■ ACTION ITEM ■
The records below must be repeated exactly, but without their pictures.

■ EXERCISE DATA ■
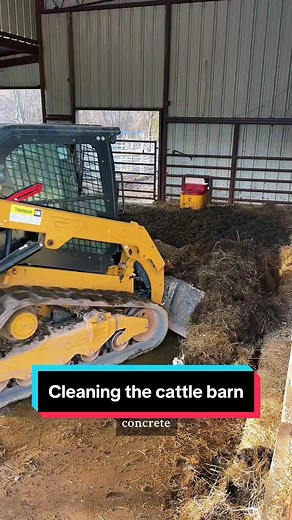 Cleaning the Cattle Barn for Calving Season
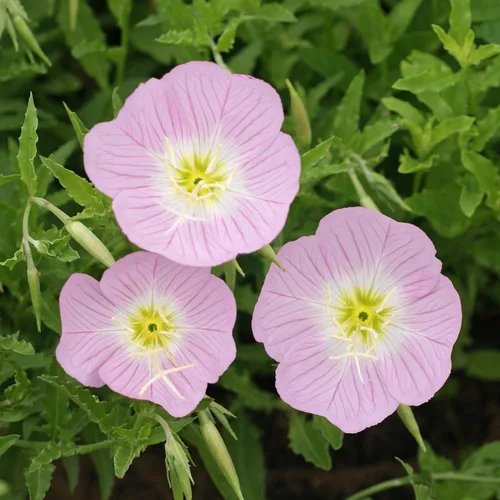 Miniatura 6 de Outsidepride Semillas de onagra vistosas – Semillas de flores perennes, resistentes, fáciles de cultivar y de bajo mantenimiento para plantar flores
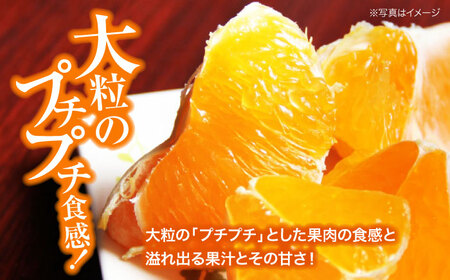 甘平【2026年2月上旬から発送】甘平（5-6個）かんぺい [AGBA005]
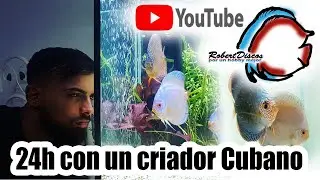 24h de mi dia como criador de peces discos en Cuba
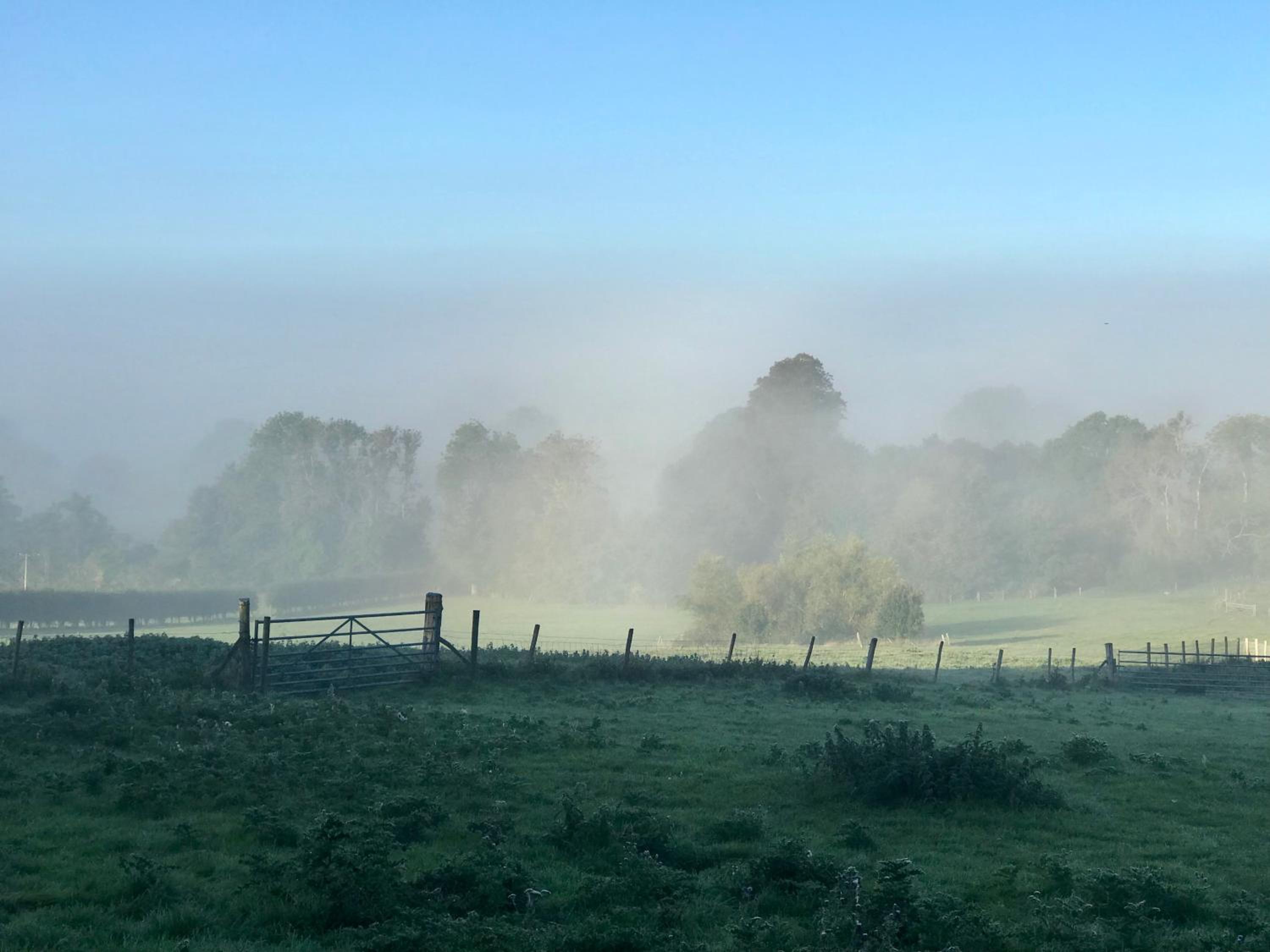 Potts Farm view 4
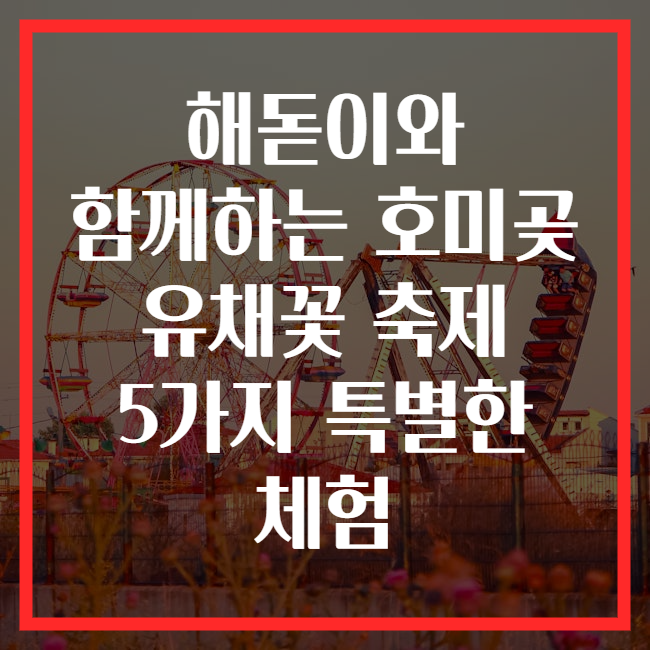 해돋이와 함께하는 호미곶 유채꽃 축제 5가지 특별한 체험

■ YOUR RESPONSE ■
 Cleaning the Cattle Barn for Calving Season
 Miniatura 6 de Outsidepride Semillas de onagra vistosas – Semillas de flores perennes, resistentes, fáciles de cultivar y de bajo mantenimiento para plantar flores
 甘平【2026年2月上旬から発送】甘平（5-6個）かんぺい [AGBA005]
 24h de mi dia como criador de peces discos en Cuba
 Potts Farm view 4
 해돋이와 함께하는 호미곶 유채꽃 축제 5가지 특별한 체험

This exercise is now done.